A las ocho de la mañana del 4 de julio de 1952, la Joliette iniciaba la maniobra de desatraque del puerto de Marsella. El barco se movió, Avelino cerró los ojos, apretó los puños y susurró al aire: “Por favor, por favor, que se acabe esta maldición”. Sus tareas en La Joliette eran las propias de mozo de máquinas: palear carbón. Acababa extenuado, pero aquella actividad intensa le ayudaba a quemar el miedo. Una pequeña esperanza asomó en su interior durante la travesía.

Falsa esperanza. Fue el primero en darse cuenta que las máquinas de la Joliette se pararon frente a las costas del Estrecho de Gibraltar. El motor se averió y, pese al calor, a Avelino se le heló el corazón.
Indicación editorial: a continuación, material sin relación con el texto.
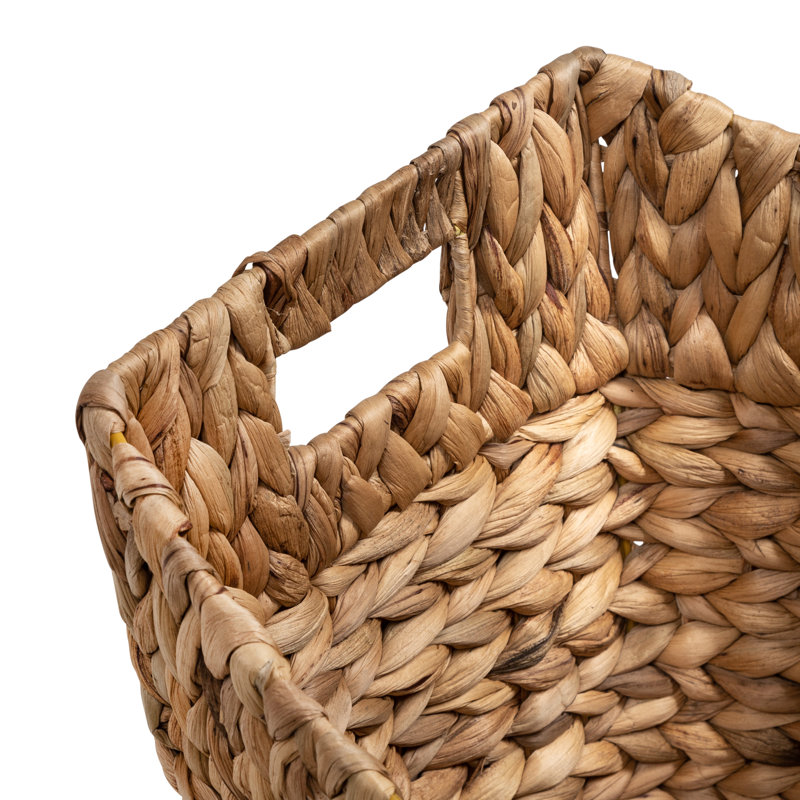 Panier en osier / rotin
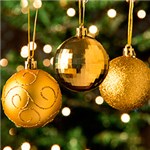 Ficha técnica e caractérísticas do produto Conjunto de Bolas Lisas e Decoradas Douradas 5,8cm 60 Peças - Orb Christmas
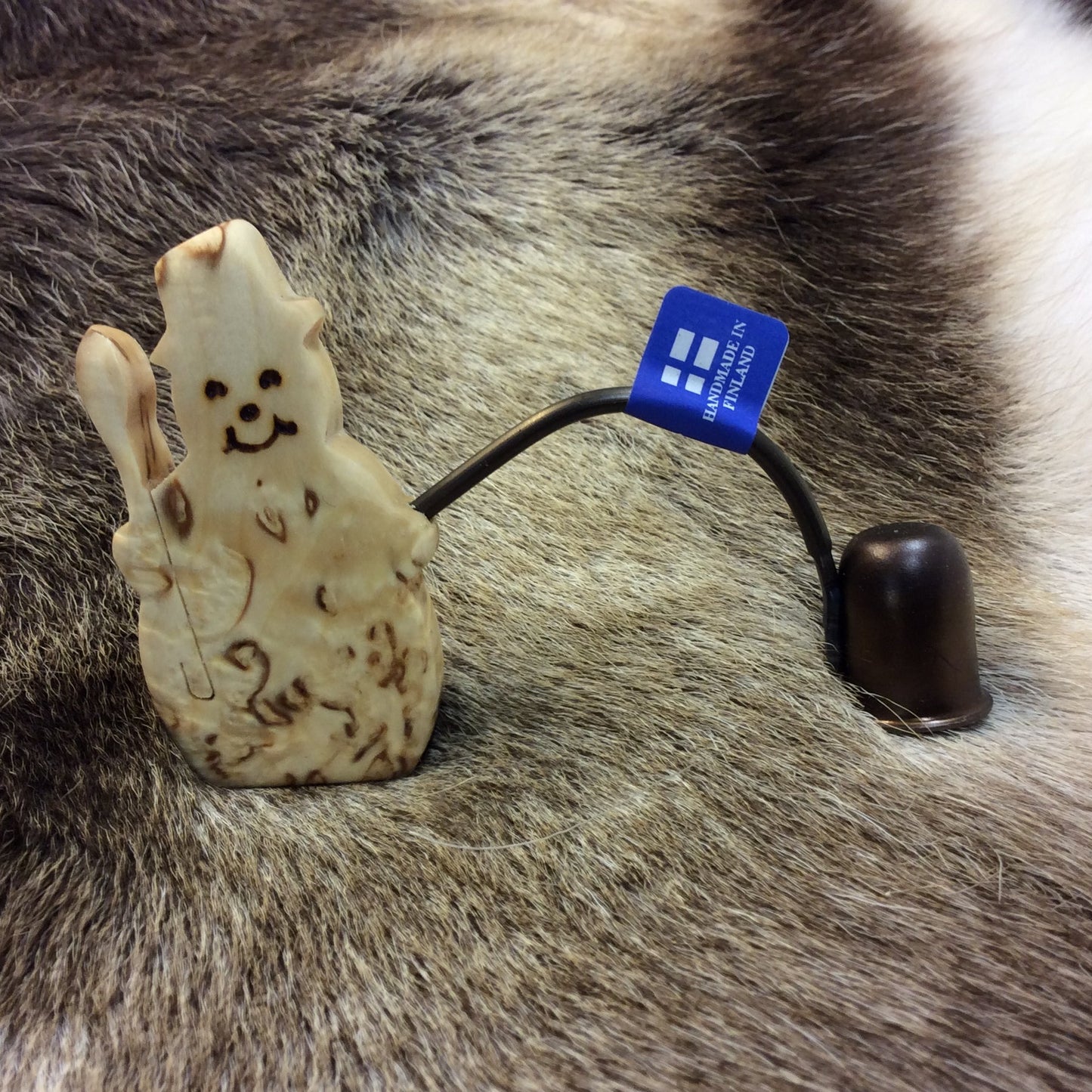 Candle Snuffer, Snowman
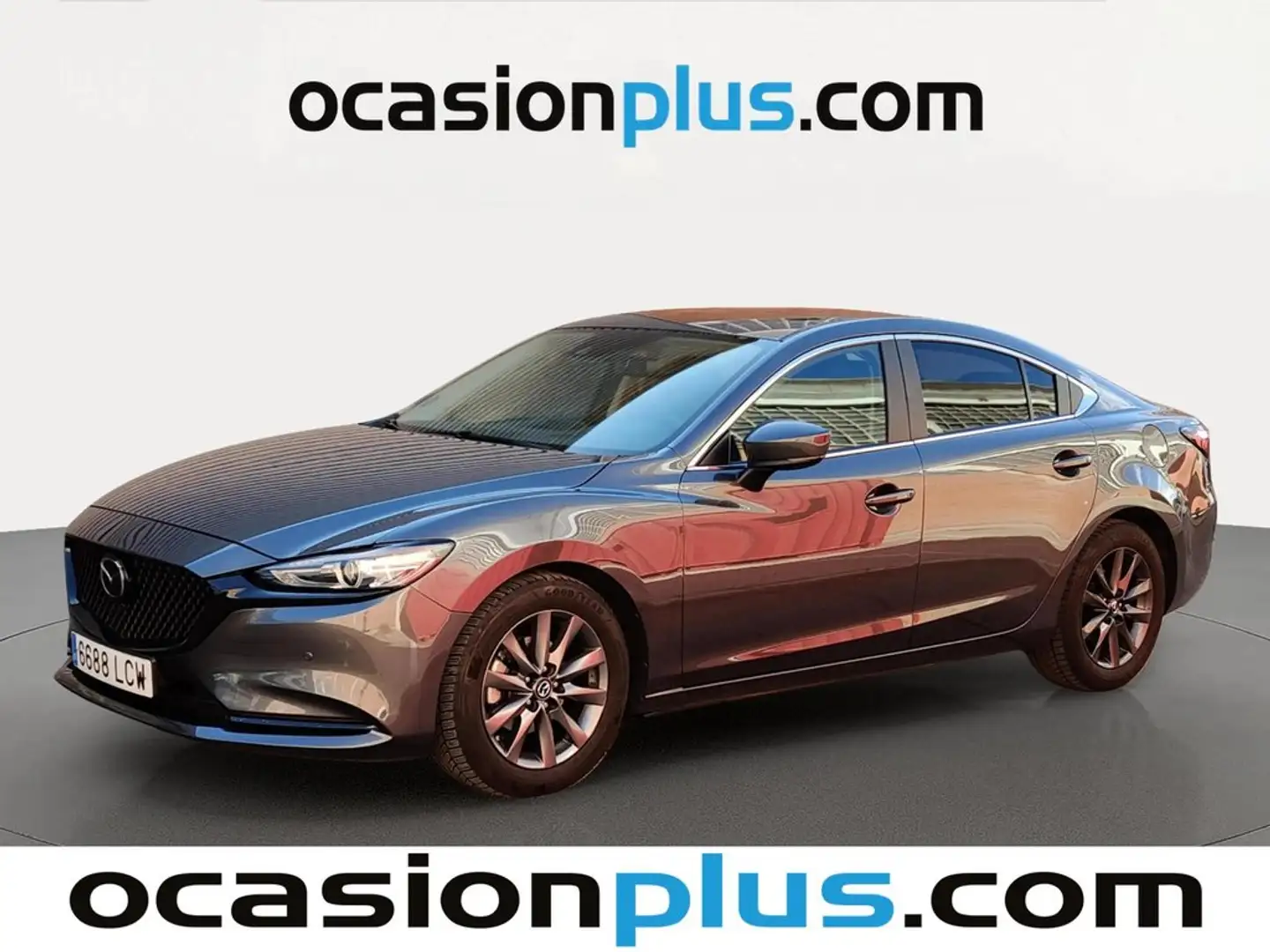 Mazda 6 2.0 Skyactiv-G Evolution Aut. Gris - 1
Tras ocho horas de angustia entró la Guardia Civil en la sala de máquinas. Hasta que no sacaron a cubierta a Avelino pensaban que era un negro. Algo que a él le parecía estupendo, porque así no hurgarían sus antecedentes penales. Pero a la luz del día resultaba demasiado negro para ser negro. Y las autoridades españolas no tardaron en averiguar que sobre él pesaba una orden de busca y captura por bandolero y atracador de bancos.

Al día siguiente, Avelino Santos el Peleas yacía en el suelo del calabozo del cuartel de la Guardia Civil del Puerto de Santa María a la espera de ser entregado a las autoridades militares para ser juzgado. Tenía varias brechas en las cejas y un ojo hecho un desastre.